Weighted Point Set Embedding for Multimodal Contrastive Learning Toward Optimal Similarity Metric
This addresses a fundamental bottleneck in multimodal learning for applications like vision-language tasks, offering a theoretically-grounded improvement over existing methods.
The paper tackles the limitation of single-point representations in multimodal contrastive learning (like CLIP) by proposing weighted point sets to better capture similarity structures, showing theoretically that this approach achieves optimal similarity (pointwise mutual information) and demonstrating improved performance on text-image representation pretraining and classification benchmarks.

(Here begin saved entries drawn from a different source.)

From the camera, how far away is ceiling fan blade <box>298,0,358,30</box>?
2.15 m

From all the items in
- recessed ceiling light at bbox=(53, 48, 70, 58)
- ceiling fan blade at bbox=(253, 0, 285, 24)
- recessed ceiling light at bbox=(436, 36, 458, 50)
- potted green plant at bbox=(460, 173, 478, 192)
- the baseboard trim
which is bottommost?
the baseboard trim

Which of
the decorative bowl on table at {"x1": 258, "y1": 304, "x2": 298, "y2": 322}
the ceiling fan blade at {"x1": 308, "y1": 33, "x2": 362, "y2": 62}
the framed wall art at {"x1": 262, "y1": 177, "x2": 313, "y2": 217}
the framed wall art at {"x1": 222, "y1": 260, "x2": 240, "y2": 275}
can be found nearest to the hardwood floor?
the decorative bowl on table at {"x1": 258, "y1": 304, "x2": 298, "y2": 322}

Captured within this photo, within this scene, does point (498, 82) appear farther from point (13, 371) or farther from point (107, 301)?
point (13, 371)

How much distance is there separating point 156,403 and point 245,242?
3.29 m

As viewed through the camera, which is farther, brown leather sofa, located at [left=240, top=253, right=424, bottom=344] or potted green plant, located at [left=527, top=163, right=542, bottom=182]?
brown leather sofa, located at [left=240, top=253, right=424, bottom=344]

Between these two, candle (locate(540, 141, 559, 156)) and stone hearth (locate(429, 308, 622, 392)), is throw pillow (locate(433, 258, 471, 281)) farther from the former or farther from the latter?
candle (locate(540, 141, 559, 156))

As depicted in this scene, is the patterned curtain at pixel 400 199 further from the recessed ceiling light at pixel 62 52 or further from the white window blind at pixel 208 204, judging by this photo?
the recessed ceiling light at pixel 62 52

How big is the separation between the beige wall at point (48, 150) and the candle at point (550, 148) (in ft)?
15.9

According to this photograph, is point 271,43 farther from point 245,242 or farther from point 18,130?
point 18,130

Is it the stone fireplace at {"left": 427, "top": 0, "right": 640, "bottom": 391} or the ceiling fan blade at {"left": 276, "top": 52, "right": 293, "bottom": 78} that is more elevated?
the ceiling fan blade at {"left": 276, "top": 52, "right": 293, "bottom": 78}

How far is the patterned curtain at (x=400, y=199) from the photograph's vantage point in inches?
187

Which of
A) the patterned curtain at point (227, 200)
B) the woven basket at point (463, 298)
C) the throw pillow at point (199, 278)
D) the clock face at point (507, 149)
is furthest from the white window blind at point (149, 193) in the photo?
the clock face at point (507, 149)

In typical multimodal contrastive learning, such as CLIP, encoders produce one point in the latent representation space for each input. However, one-point representation has difficulty in capturing the relationship and the similarity structure of a huge amount of instances in the real world. For richer classes of the similarity, we propose the use of weighted point sets, namely, sets of pairs of weight and vector, as representations of instances. In this work, we theoretically show the benefit of our proposed method through a new understanding of the contrastive loss of CLIP, which we call symmetric InfoNCE. We clarify that the optimal similarity that minimizes symmetric InfoNCE is the pointwise mutual information, and show an upper bound of excess risk on downstream classification tasks of representations that achieve the optimal similarity. In addition, we show that our proposed similarity based on weighted point sets consistently achieves the optimal similarity. To verify the effectiveness of our proposed method, we demonstrate pretraining of text-image representation models and classification tasks on common benchmarks.